NAME

Lingua::Align::Features - Feature extraction for tree alignment

SYNOPSIS

use Lingua::Align::Features;

my $FeatString = 'catpos:treespansim:parent_catpos';
my $extractor = new Lingua::Align::Features(
                        -features => $FeatString);

my %features = $extractor->features(\%srctree,\%trgtree,
                                    $srcnode,$trgnode);



my $FeatString2 = 'giza:gizae2f:gizaf2e:moses';
my $extractor2 = new Lingua::Align::Features(
                    -features => $FeatString2,
                    -lexe2f => 'moses/model/lex.0-0.e2f',
                    -lexf2e => 'moses/model/lex.0-0.f2e',
                    -moses_align => 'moses/model/aligned.intersect');

my %features = $extractor2->features(\%srctree,\%trgtree,
                                     $srcnode,$trgnode);

DESCRIPTION

Extract features from a pair of nodes from two given syntactic trees (source and target language). The trees should be complex hash structures as produced by Lingua::Align::Corpus::Treebank::TigerXML. The returned features are given as simple key-value pairs (%features)

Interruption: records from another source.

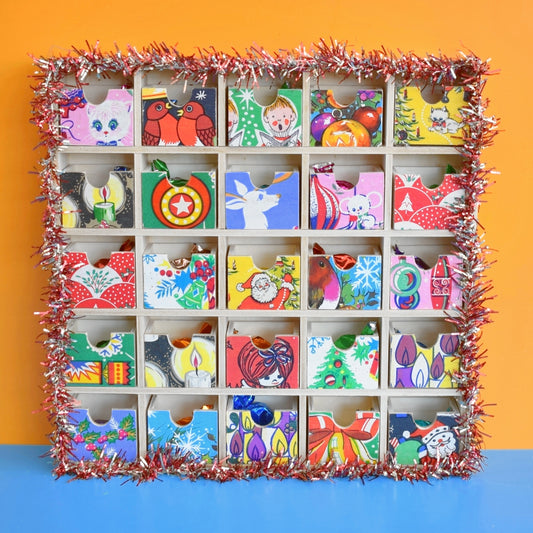 Unique Wooden Multi Drawer Filled Advent Calendar - Vintage Papers - Patchwork - Filled (Pink)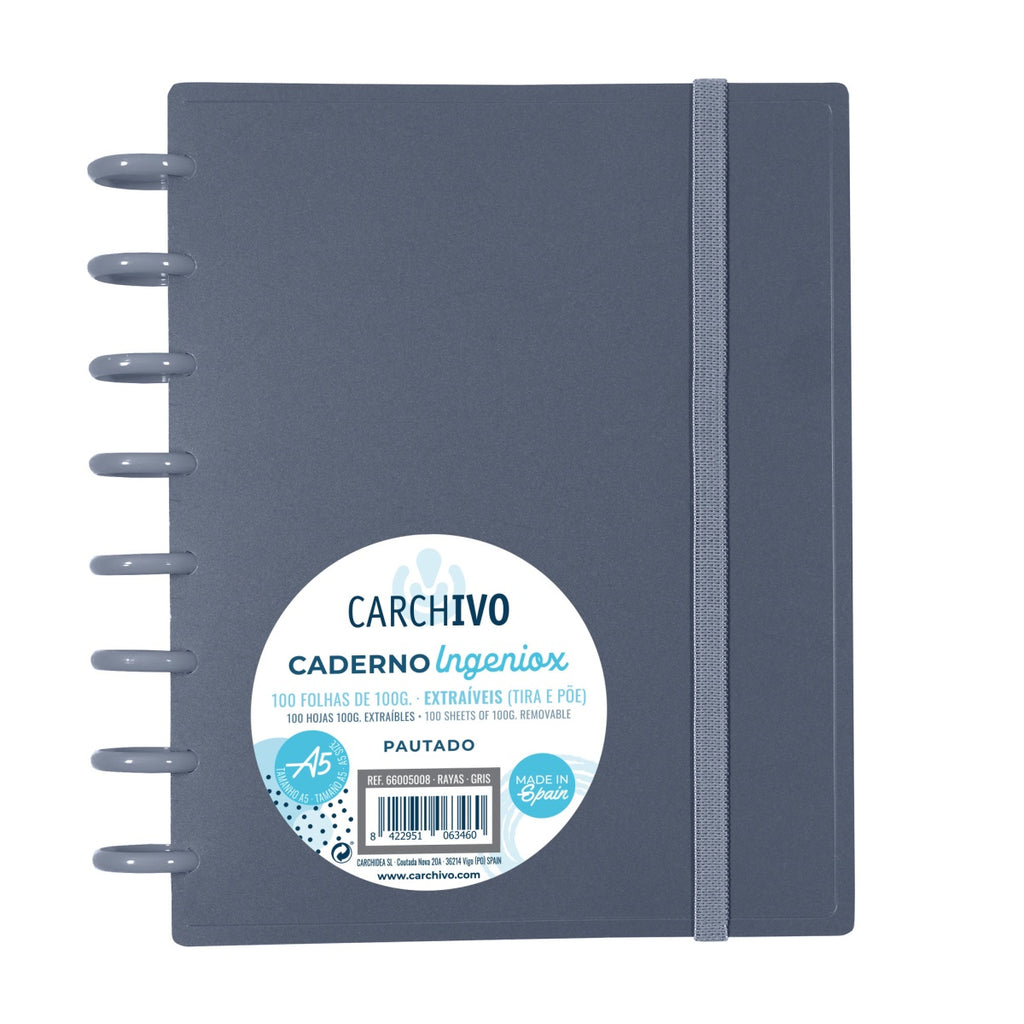 Caderno Ingeniox A5 Pautado 100 Folhas com Elástico Cinza Intense ANIMATEK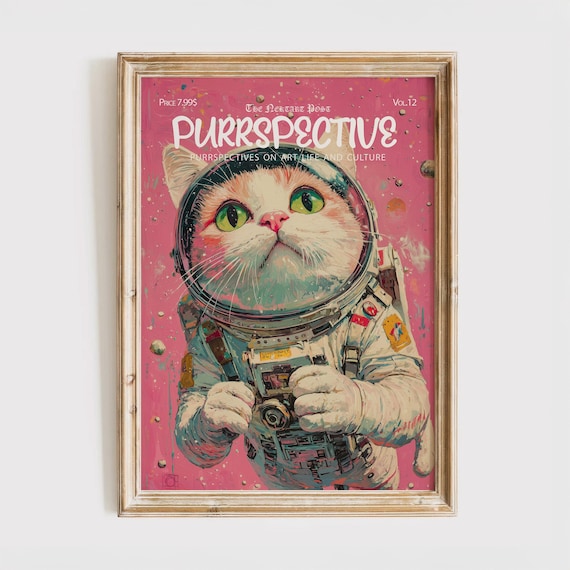 Purrspective Astronaut Cat Camera Pink Space Funny Art Poster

Features to be used are specified in the feature string given to the constructor ($FeatString). Default is 'inside2:outside2' which refers to 2 features, the inside score and the outside score as defined by the Dublin Sub-Tree Aligner (see http://www2.sfs.uni-tuebingen.de/ventzi/Home/Software/Software.html, http://ventsislavzhechev.eu/Downloads/Zhechev%20MT%20Marathon%202009.pdf). For this you will need the probabilistic lexicons as created by Moses (http://statmt.org/moses/); see the -lexe2f and -lexf2e parameters in the constructor of the second example.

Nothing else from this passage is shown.